Cette étude disait aussi que le cas de la France n’est pas représentatif de l’Europe. Que dans nombre de pays (Islande, Finlande, Pays-Bas, Danemark, Tchéquie, Bulgarie, Hongrie, Pologne…) les taux de fécondité des femmes immigrées et natives sont proches, voire en faveur de ces dernières. Comme quoi ! Mais bien sûr, les Zemmour et autres adeptes de la théorie du «grand remplacement» nous diront que ce ne sont là que des salades, que la réalité est toute autre et patati et patata.
A part que dans ton 0,1 % tu ne comptes pas les naturalisés ! Et avec les naturalisés ? Dans tous les cas, même avec 0,1 % de plus ça confirme bien qu’ils ont un taux de natalité supérieur aux autochtones pour faire monter de 0,1% le taux national. D’ailleurs, il y a des banlieues où l’on ne voit même plus 1 blanc à l’horizon, mais il n’y aurait pas de grand remplacement.
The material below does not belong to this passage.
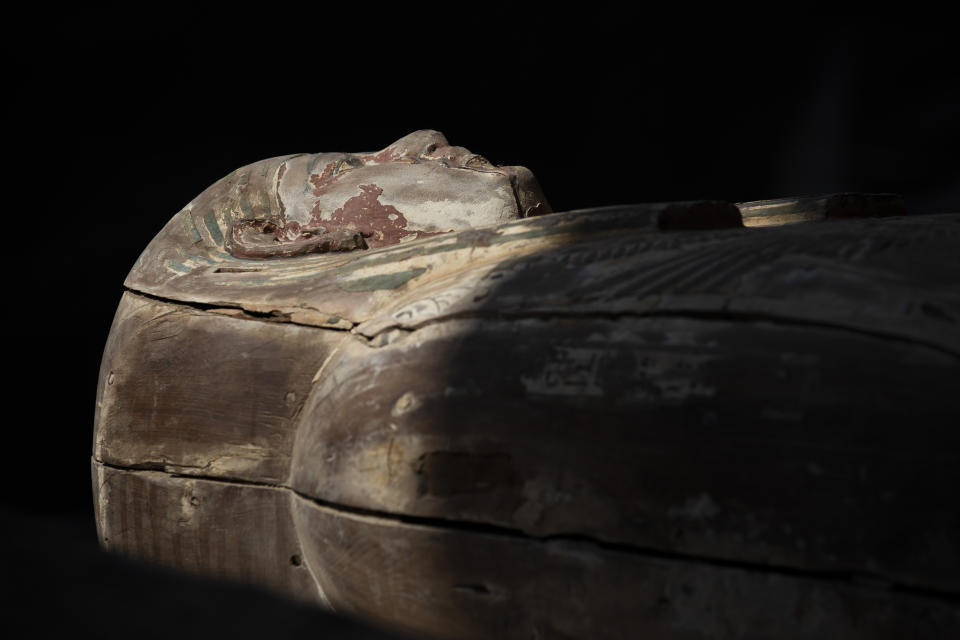 A sarcophagus that is around 2500 years old is shown at the Saqqara archaeological site, 30 kilometers (19 miles) south of Cairo, Egypt, Saturday, Oct. 3, 2020. Egypt says archaeologists have unearthed about 60 ancient coffins in a vast necropolis south of Cairo. The Egyptian Tourism and Antiquities Minister says at least 59 sealed sarcophagi with mummies inside were found that had been buried in three wells more than 2,600 years ago. (AP Photo/Mahmoud Khaled)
Ceci étant dit, ça ne change rien au fait que de toute façon, faire campagne en Europe pour une décroissance démographique est inutile, puisque cette décroissance démographique est déjà effective depuis 50 ans, comme je l’ai démontré avec les chiffres ci-dessus, qui sont bien inférieurs à 2,1 pour obtenir un renouvellement des générations. Si campagne de décroissance démographique il doit y avoir, c’est en-dehors de l’Europe que c’est nécessaire !
L’impossibilité d’une croissance permanente dans un monde fini relève d’une telle évidence que l’on ne comprend pas qu’elle ne soit pas au cœur de toutes les réflexions politiques.
Bien sûr que c’est difficile, que cela pose des problèmes énormes d’emploi, de ressources de changements de mode de vie à faire à accepter, de droit au nombre qui doit être remis en cause. James Lovelock avait bien résumé le dilemme en rappelant que la croissance était une drogue qui tuerait celui qui continuerait ou qui arrêterait d’en consommer. Comment mieux énoncer l’énormité du problème et l’effroi devant l’impasse potentielle ?
Mais on a pas le choix, et c’est ça le courage et l’intelligence politique : s’attaquer aux réalités et aux plus grandes difficultés.